Elizabeth: I'm done with "switch", but I don't have access to a PC at the moment
dean: I can test "Tabs with Manual Activation" with NVDA. That was my intention--to do that once I finished it with VoiceOver, but I'll just do that, now.
Matt_King: Cool!
Updating reports to latest screen reader versions
Matt_King: We have this feature in the system for when a new version of a screen reader comes out. We can have the bot run the test plans for all the published reports. The bot goes through and runs the test plan with a new version of the screen reader. If it gets the same response, then it assigns the same verdicts
Matt_King: Bocoup folks: does the bot also carry forward the designation of "untestable" in this case?
Matt_King: We should verify what it does with untestables and side-effects
Matt_King: Anyway, back to the context of this topic
Matt_King: If the bot can re-assign all the verdicts based on matching with historic AT responses, then it immediately publishes a new report
Matt_King: Otherwise, we need to have a human review
Matt_King: Because of the differences in the way the bots record output and the way that humans report output, the distinction between the AT responses can be trivial
Matt_King: But other times, it is not
Matt_King: for instance, the presence or absence of hint text can interfere with the matching heuristic
Matt_King: We can find the tests requiring oversight in the test queue via a button at the top. There are filters there: one for manual test runs (that's the default), and one for automated updates. If you press the filter for "automated updates", then right now, you will see six entries.
Matt_King: So the job is to just go through and look at these responses and determine whether or not the new response passes or fails the verdict.
Matt_King: So we have six of these ready to go. Is there anybody who wants to take on some of this work?

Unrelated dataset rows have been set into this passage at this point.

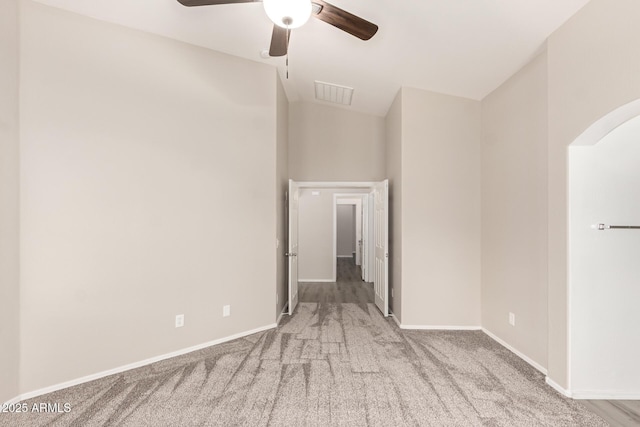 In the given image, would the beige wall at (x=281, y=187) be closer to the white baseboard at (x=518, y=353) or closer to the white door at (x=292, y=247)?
the white door at (x=292, y=247)

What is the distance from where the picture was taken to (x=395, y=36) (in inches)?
113

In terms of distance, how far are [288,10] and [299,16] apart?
0.07 metres

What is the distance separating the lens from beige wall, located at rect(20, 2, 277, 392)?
2471 millimetres

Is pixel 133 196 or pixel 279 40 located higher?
pixel 279 40

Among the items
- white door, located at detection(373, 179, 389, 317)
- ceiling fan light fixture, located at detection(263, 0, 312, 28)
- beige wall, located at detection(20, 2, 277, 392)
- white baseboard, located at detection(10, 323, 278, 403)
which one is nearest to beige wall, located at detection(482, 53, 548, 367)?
white door, located at detection(373, 179, 389, 317)

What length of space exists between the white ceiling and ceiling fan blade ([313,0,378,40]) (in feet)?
1.62

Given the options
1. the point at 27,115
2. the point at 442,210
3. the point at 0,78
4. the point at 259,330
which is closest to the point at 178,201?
the point at 27,115

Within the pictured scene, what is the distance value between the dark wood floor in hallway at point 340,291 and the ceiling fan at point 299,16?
13.2ft

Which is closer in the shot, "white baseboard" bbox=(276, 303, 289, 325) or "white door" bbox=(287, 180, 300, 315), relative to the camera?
"white baseboard" bbox=(276, 303, 289, 325)

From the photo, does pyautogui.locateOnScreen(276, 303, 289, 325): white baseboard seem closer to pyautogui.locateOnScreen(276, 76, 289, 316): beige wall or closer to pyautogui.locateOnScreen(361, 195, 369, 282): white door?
pyautogui.locateOnScreen(276, 76, 289, 316): beige wall

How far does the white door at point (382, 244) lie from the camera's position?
4.30 m

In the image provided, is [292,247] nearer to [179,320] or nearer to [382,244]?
[382,244]

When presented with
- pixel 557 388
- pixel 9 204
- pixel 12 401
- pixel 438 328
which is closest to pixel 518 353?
pixel 557 388

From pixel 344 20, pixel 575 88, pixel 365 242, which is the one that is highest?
pixel 344 20
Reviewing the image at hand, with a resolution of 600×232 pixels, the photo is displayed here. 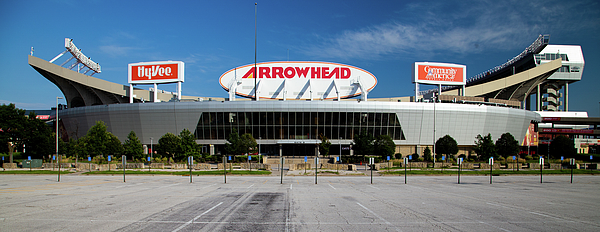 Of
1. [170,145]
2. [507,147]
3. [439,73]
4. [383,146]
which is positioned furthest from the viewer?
[439,73]

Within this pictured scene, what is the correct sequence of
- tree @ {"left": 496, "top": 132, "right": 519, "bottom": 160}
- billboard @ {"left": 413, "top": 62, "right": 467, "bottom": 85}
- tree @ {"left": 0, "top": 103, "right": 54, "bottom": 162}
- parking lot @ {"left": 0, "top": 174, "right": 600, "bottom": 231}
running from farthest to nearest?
1. billboard @ {"left": 413, "top": 62, "right": 467, "bottom": 85}
2. tree @ {"left": 496, "top": 132, "right": 519, "bottom": 160}
3. tree @ {"left": 0, "top": 103, "right": 54, "bottom": 162}
4. parking lot @ {"left": 0, "top": 174, "right": 600, "bottom": 231}

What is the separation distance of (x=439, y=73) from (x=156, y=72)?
5998 cm

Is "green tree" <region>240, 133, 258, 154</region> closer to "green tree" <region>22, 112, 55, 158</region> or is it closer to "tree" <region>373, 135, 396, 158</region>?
"tree" <region>373, 135, 396, 158</region>

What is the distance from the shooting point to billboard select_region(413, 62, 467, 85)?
6756 centimetres

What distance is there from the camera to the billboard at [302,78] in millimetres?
70500

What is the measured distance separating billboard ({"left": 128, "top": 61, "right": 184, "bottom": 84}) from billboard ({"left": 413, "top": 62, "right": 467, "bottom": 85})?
49353 millimetres

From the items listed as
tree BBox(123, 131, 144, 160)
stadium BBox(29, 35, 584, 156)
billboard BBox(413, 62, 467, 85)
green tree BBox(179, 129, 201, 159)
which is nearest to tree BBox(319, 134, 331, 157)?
stadium BBox(29, 35, 584, 156)

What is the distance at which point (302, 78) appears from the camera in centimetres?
7106

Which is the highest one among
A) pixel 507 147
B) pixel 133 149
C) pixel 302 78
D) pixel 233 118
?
pixel 302 78

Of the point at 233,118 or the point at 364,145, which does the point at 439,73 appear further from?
the point at 233,118

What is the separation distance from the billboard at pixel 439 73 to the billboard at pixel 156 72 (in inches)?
1943

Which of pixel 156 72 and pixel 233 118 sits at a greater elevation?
pixel 156 72

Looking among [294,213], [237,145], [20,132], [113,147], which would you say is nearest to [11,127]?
[20,132]

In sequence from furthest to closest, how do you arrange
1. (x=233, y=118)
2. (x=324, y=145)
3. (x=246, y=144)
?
1. (x=233, y=118)
2. (x=324, y=145)
3. (x=246, y=144) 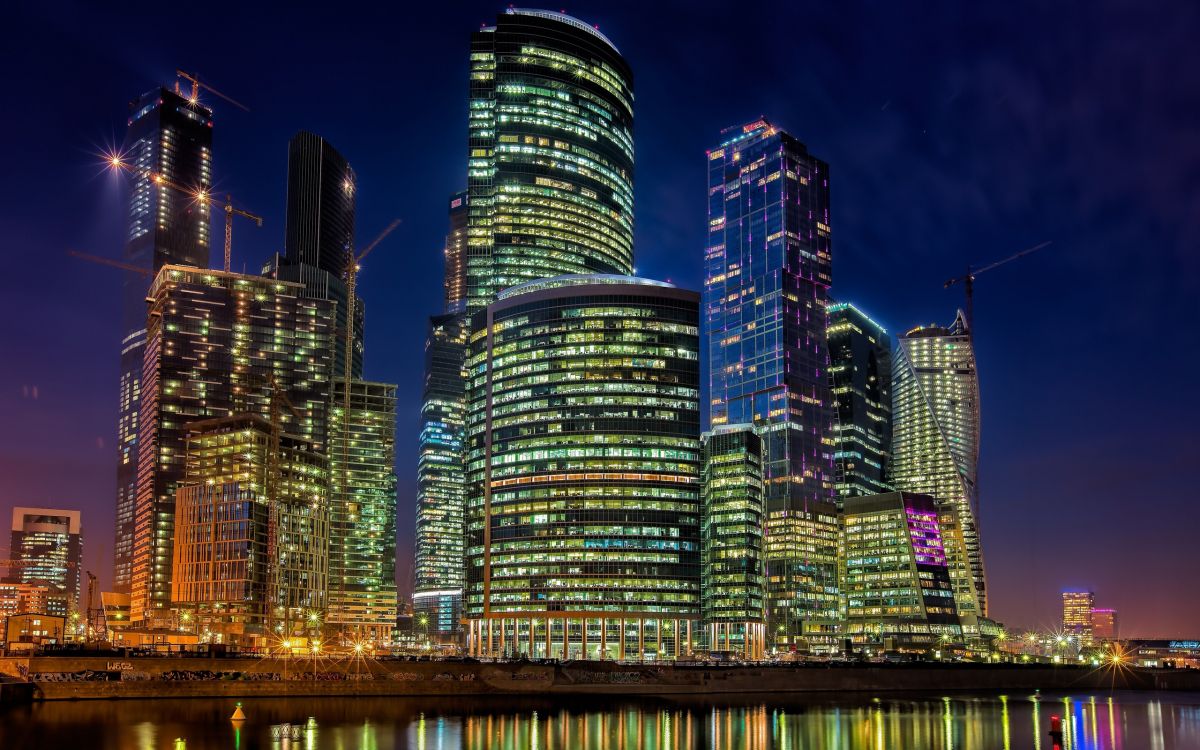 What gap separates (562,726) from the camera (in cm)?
14275

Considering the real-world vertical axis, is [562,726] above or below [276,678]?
below

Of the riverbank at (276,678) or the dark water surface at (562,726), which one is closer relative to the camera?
the dark water surface at (562,726)

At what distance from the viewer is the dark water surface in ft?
400

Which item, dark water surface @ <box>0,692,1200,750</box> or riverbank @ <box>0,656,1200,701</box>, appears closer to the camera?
dark water surface @ <box>0,692,1200,750</box>

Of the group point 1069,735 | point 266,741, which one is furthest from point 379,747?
point 1069,735

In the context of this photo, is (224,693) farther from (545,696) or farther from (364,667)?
(545,696)

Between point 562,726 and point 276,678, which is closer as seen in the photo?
point 562,726

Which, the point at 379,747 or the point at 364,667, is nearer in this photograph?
the point at 379,747

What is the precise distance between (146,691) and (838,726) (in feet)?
342

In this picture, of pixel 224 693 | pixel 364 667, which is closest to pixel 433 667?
pixel 364 667

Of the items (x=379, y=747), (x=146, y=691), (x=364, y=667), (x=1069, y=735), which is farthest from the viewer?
(x=364, y=667)

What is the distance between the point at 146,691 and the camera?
16838cm

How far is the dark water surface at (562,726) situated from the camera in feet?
400

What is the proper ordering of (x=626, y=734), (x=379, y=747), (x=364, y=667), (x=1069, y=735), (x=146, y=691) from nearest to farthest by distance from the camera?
(x=379, y=747) → (x=626, y=734) → (x=1069, y=735) → (x=146, y=691) → (x=364, y=667)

Elizabeth: Yes, I have some time for this, actually
Matt_King: Okay, I can assign the first one to you right now (the "action menu button")
ChrisCuellar: It should stay in the "automated" section even after you assign it
Matt_King: I assigned the first one to you, Elizabeth
ChrisCuellar: Yup, I see it assigned to Elizabeth, and it is indeed still in the "automated updates" section
Matt_King: This is a pretty good case for why we might want a new filter for "My Test Runs"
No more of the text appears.